Like her husband, Keiko (who brought the Wonder Bra to Japan) is Tokyo "****amachi" (downtown) born and bred. She married, went to the U.S., divorced, and now runs her own successful consultancy, Altesse Co. "It's how Rocky and I met. He needed help with the business. I advised. Things went from there."

Rocky says he's driven to succeed because his father was such a hard act to follow. "He was on the stage -- a comedian in Asakusa who played seven musical instruments. With a 'kissaten' (coffee shop) in Nihonbashi, I guess restauranteering was in the blood. But my father wanted me to be a star. It was he who encouraged me to wrestle, try my luck in America."

In 1959, at the age of 19, Rocky went to the U.S. with the Japanese wrestling team. He liked it there, wanted to stay. So he studied, took odd jobs, leased an ice-cream truck, and on the back of savings went back to school. "After graduating, I went into the 'teppanyaki' (grill) restaurant business, beginning with just four tables. It was tough, but I was determined to build something."

As Benihana grew, so did Rocky's aspirations. He began collecting -- paintings, antiques, apartments, cars, women, kids. . . . "I have seven. I try to make sure they are all OK, but it's not always easy."

He is, he declares, a challenger. "I want to challenge everything." Which explains the drive that made him backgammon champion of the U.S. in 1975. Also why he went into power boat racing. And in 1982 won the world record for crossing the Pacific in a hot air balloon. "Richard Branson copied me. But that's OK."

Such a daredevil life took its toll over the years. Twenty-two broken bones. A Dacron aorta. Loss of spleen and other bits and pieces. Hepatitis C. Life, Rocky admits, became pretty miserable; if Keiko had not come onto the scene, he wonders what might have become of him. "Now I'm a health freak. I don't even drink."

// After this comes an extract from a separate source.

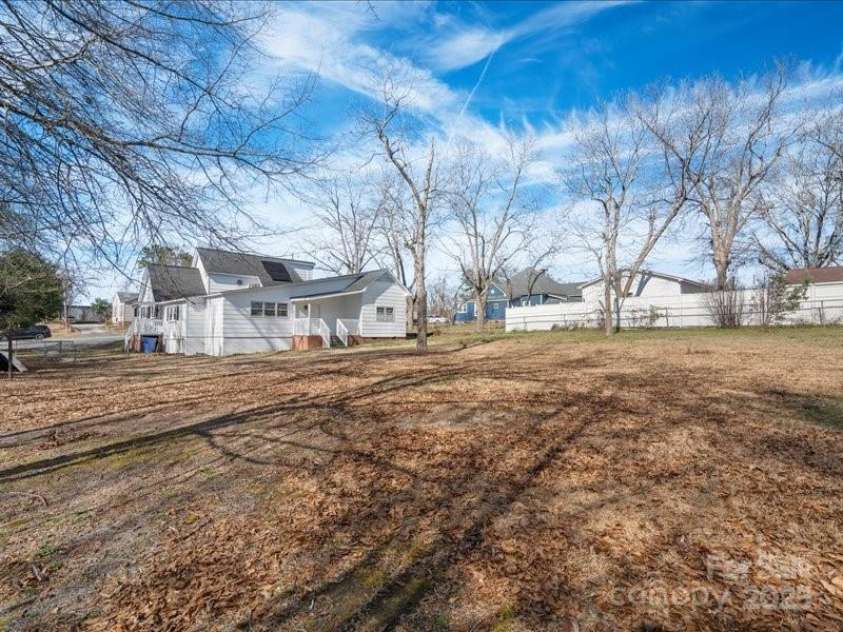 107 Pine Street, Pageland, SC 29728.  MLS# CAR4226051, YatesRealty ID 6642.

Such an admission makes his latest enterprise even more interesting: a coals to Newcastle kind of project being launched in Japan that aims to make its famed rice wine better known and appreciated all over the world. "We want to make sake international."

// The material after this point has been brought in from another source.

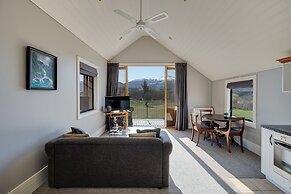 Manata Lodge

This three-day trip has been concerned with preparing the red carpet for the sake tour later in the month and, being a sports enthusiast, making a speech at a panel discussion at the Palace Hotel between baseball coaches, managers and management organized by Sadaharu Oh. "We were looking at the business challenges facing the sport. I told them that running a baseball team is no different to running a restaurant. Then explained why."

The return trip from Feb. 8 looks to be far more demanding. Because Rocky has been honored with many awards, he regards himself as a cultural bridge and wants to give something back. Working within the framework of the Yokoso Japan project, which aims to bring many more tourists to Japan, the couple are promoting sake, and Keiko is working on a cookbook.

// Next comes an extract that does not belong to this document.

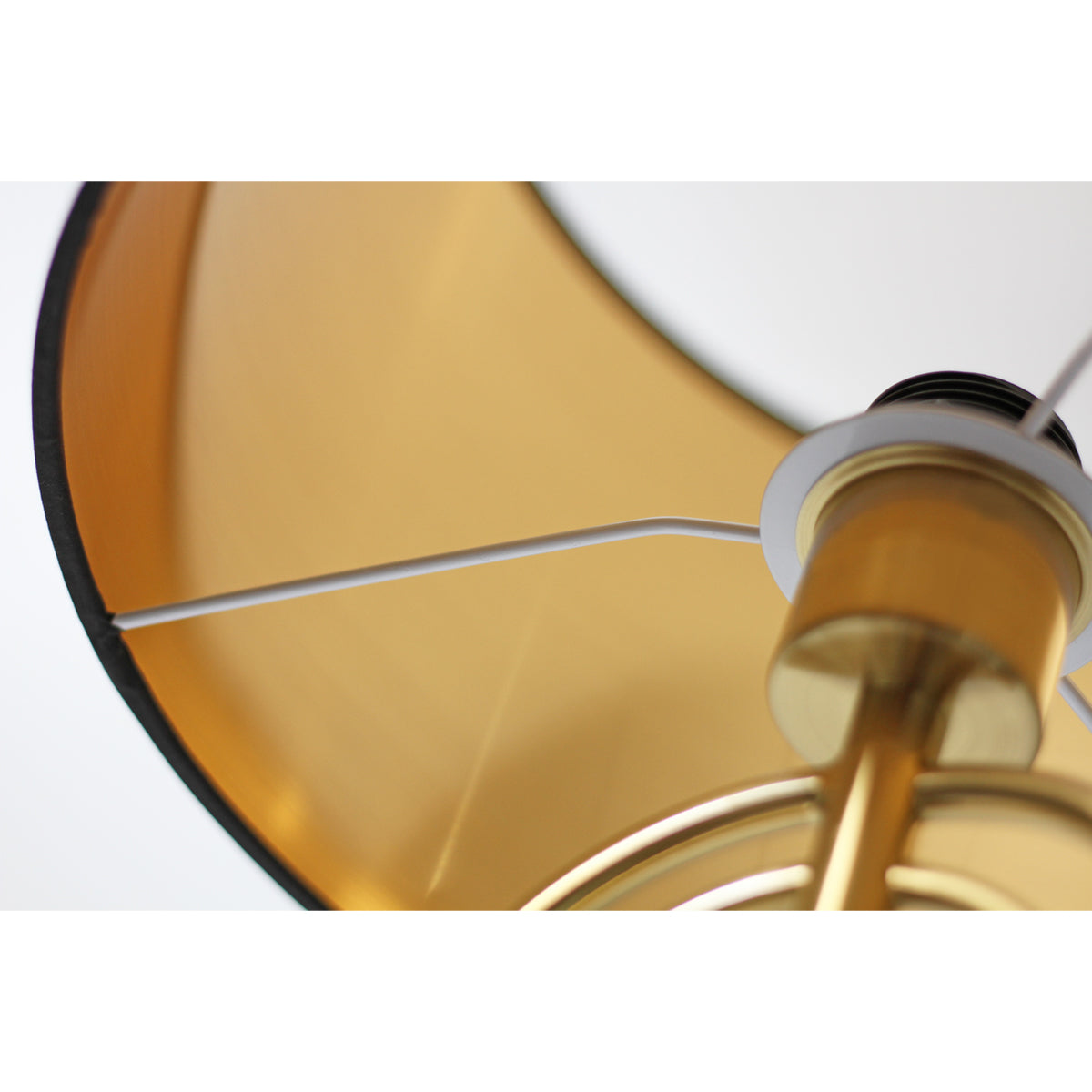 Fleur Table Lamp - Black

They founded a sake club in New York, with some 200 members, mostly American but not all, and 50-50 men and women. The delegation of 20 will be at the FCCJ Sake (Hanakobo) Nouveau Tasting at the club today from 6 p.m., with 90 rice wines from 30 leading "hanakobo" ("flower yeast") sake makers. More can be tasted tomorrow at a noh performance at the National Noh Theater in Sendagaya from 2 p.m.

Thinking himself lucky not to have landed on the rocks, Rocky has followed the career of Takafumi Horie, founder of Livedoor, with more than a little interest, because, "he's just like me."

Horie wanted to grow, wanted to make money but, "depending too much on other people at the start, dug himself into a pit. He too is a challenger, a doer, but as we are seeing, the outcome is different. All he can do now is go abroad in a few years, start again."

Saying he has similar problems, Rocky resigned as chairman of Benihana, because he might have been seen as an insider trader. "To live," Rocky says, "you have to stay within the law."